Friday, December 19, 2008

Manufacturing PR

An interesting article in Business Review asserts that the manufacturing industry has a PR problem.

A key statement in the article, by Candace Beeke, all but writes the obit for manufacturing jobs:

Michigan likely suffers the same negative attitude toward manufacturing -- considering it an antiquated, archaic industry.


But such statements are too broad brush. It's not true that all employees or students see manufacturing jobs as dead ends. Nor do companies that manufacture actual, tangible products see the end of manufacturing for the state. In fact, smart manufacturers recognize that recruiting and retaining skilled manufacturing employees is vital, and indeed good PR.

Susan Koole, in Corporate Communications at West Michigan manufacturer Herman Miller, sees things differently than the picture painted in the Business Review article:

Personally, I see this issue more as a PR opportunity because of what I experience everyday. For example, we host hundreds of customers each year and the majority of them request a visit to our seating operations facility in Holland. They're fascinated by our production methods and the skills required to ship out thousands of chairs every week.


If customers are fascinated by manufacturing processes, it's hard to label the entire industry as 'antiquated.' The PR challenge is to position manufacturing jobs as viable, interesting, and sustainable careers in an environment when many such employees are being laid off. Koole notes that Herman Miller works to encourage employees facing job elimination with professional development opportunities, including volunteering for special projects, cross-training on a variety of product lines, and utilizing tuition reimbursement.

Manufacturing might also look cool when products get national attention. Such was the case yesterday when Herman Miller's LED Leaf Light was featured in the Wall Street Journal in a list of 'eco-friendly' products.
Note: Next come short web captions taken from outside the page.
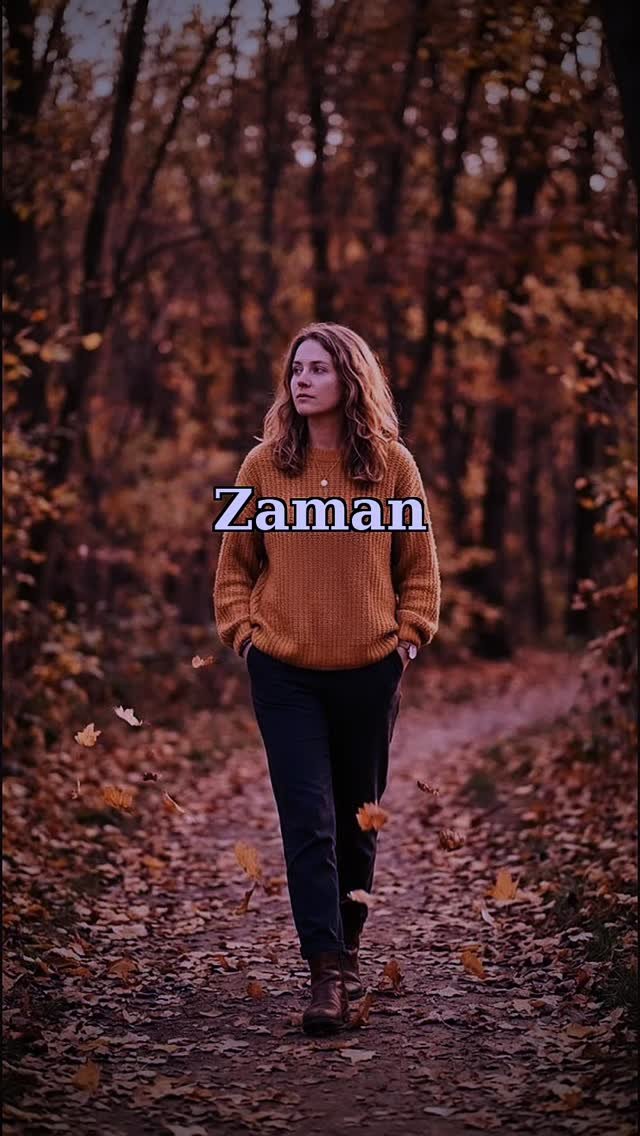ZAMAN 

 Ahh zaman
 Dert misin derman mısın bilemedim
 Kaybettiğim zamanlara mı yanayım
 Her şeye ilaç olacağına mı kanayım
 Nerenden tutayım da sarılayım
 Dayanayım güç alayım
 Hayal kırıklıklarıyla 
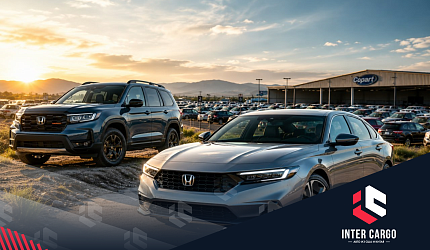 Некролог отменяется: Honda Accord и Passport еще повоюют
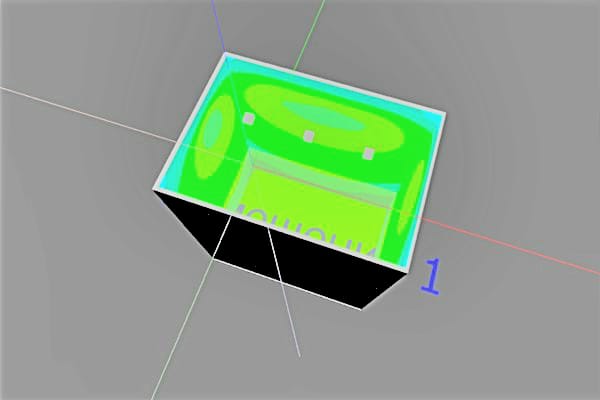Образец проекта эксклюзив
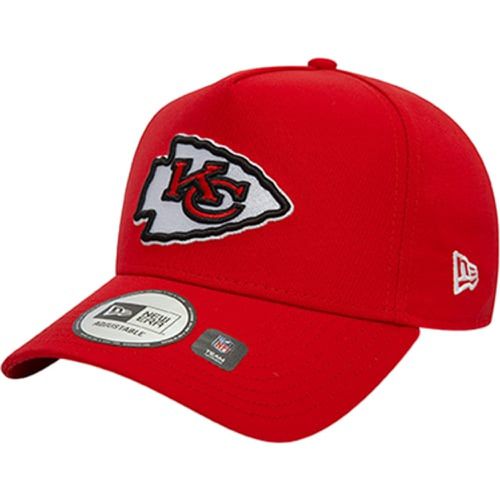 NFL KANSAS CITY CHIEFS EFRAME 9FORTY CAP - new era - Modalova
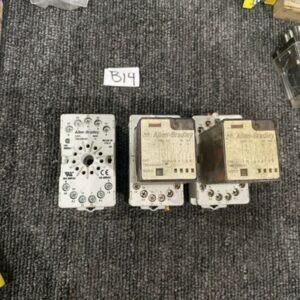 Ready 2 Ship Inventory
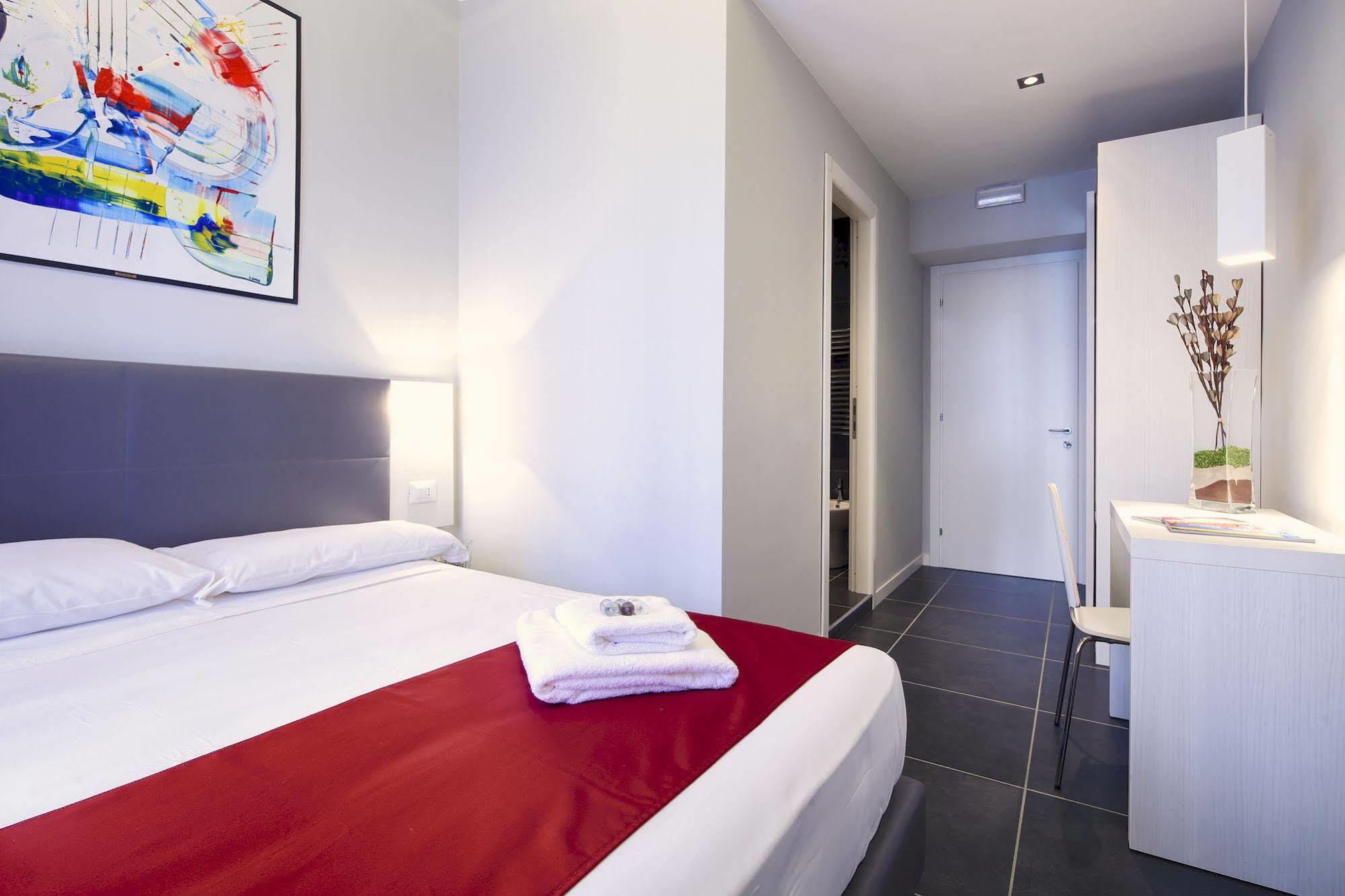 Nearhome Smart 2* Rome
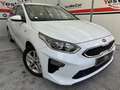 Kia Ceed / cee'd Tourer 1.6CRDi Eco-Dynamics Tech 115 Blanco - thumbnail 1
The timing of the product plug was perfect, coming on a day when Herman Miller announced in a conference call that profits are down 20 percent and that layoffs and buyouts could affect 600 employees.

So the PR problem for Herman Miller and any manufacturer is to maintain good relationships with employees in bad economic times. Humans will always need manufactured goods, and those goods will be produced by manufacturing employees. Nothing archaic about it. When the economy does turn around, those companies that have innovative products will grow fastest. And that will require the best employees. I think many manufacturers get that.